● Try it: Would you transcribe exactly the lines from the beginning of the records below through the line with "SERIALIZED VIAL LABELING - Serialized Vial", both included, omitting the pictures?

● Data listing:
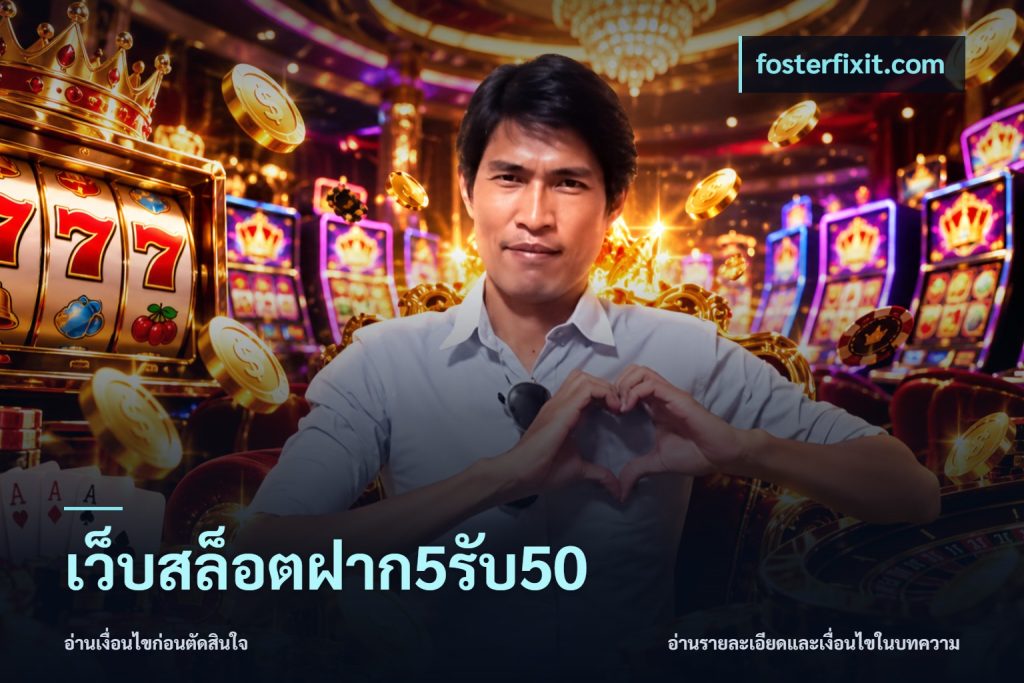 เว็บสล็อตฝาก5รับ50
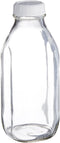 Libbey Glass Milk Bottle with Lid, 33.5 oz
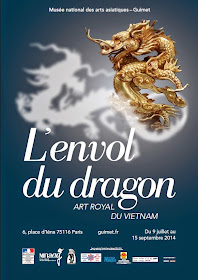affiche envol du dragon art royal du vietnam exposition musée guimet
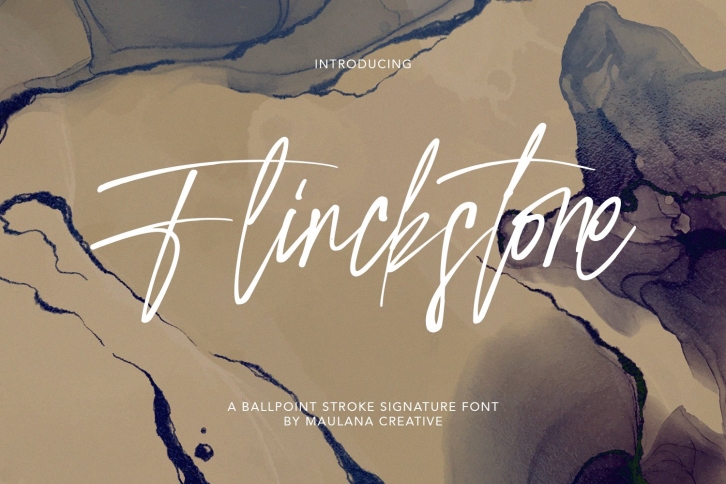 Flinckstone Ballpoint Stroke Font Download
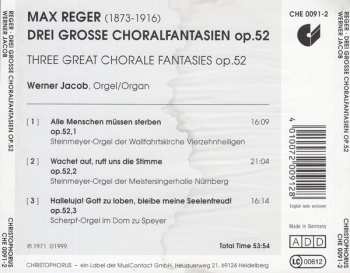 CD Max Reger: Drei Grosse Choralfantasien Op. 52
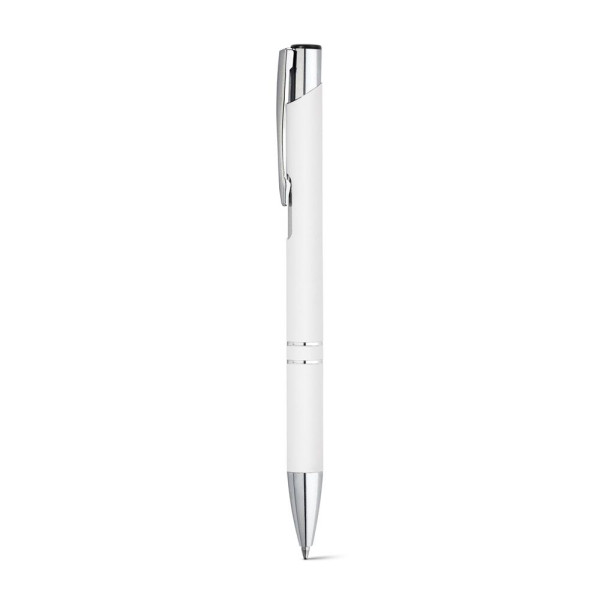 Stylo BETA SOFT en aluminium avec finition en caoutchouc - Objet publicitaire de qualité supérieure
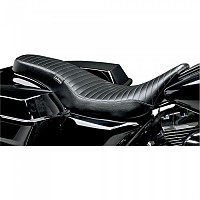[해외]LEPERA 좌석 Cobra 풀 Length Pleated Harley Davidson Flhr 1584 로드 King 9140194950 Black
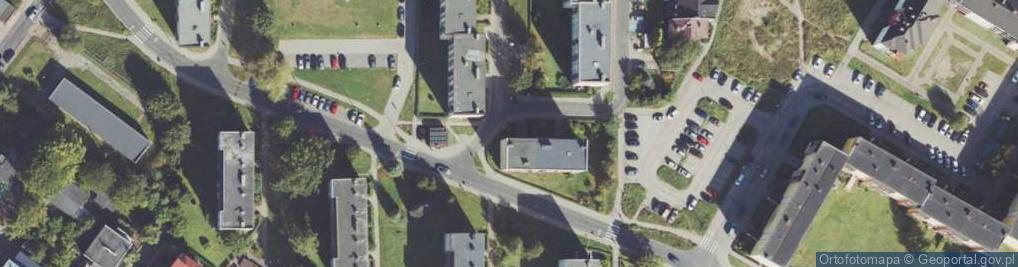 Zdjęcie satelitarne Olga Rak Indywidualna Praktyka Lekarska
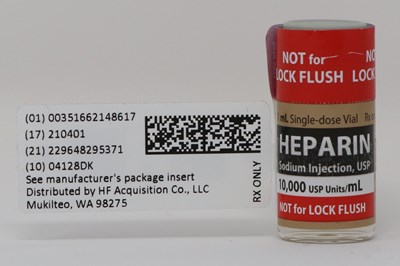 SERIALIZED VIAL LABELING - Serialized Vial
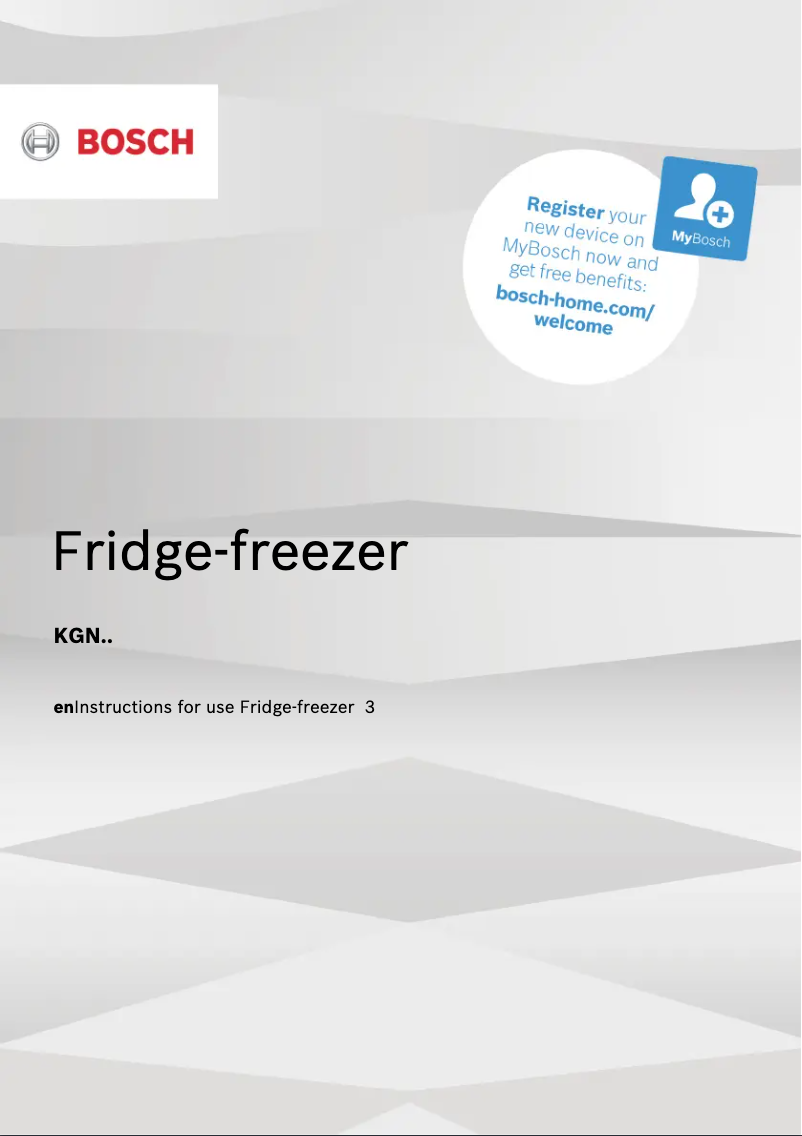 Image de la première page du manuel de l'appareil KGN39AI3P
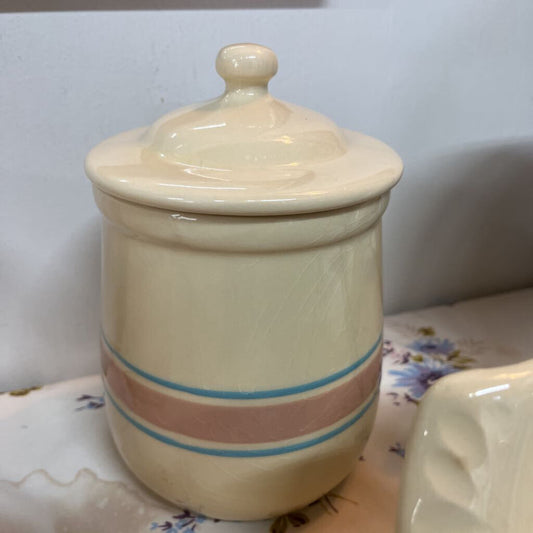 Vintage McCoy Pottery- Cannister/cookie jar #135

● Task response:
 เว็บสล็อตฝาก5รับ50
 Libbey Glass Milk Bottle with Lid, 33.5 oz
affiche envol du dragon art royal du vietnam exposition musée guimet
 Flinckstone Ballpoint Stroke Font Download
 CD Max Reger: Drei Grosse Choralfantasien Op. 52
 Stylo BETA SOFT en aluminium avec finition en caoutchouc - Objet publicitaire de qualité supérieure
[해외]LEPERA 좌석 Cobra 풀 Length Pleated Harley Davidson Flhr 1584 로드 King 9140194950 Black
 Zdjęcie satelitarne Olga Rak Indywidualna Praktyka Lekarska
 SERIALIZED VIAL LABELING - Serialized Vial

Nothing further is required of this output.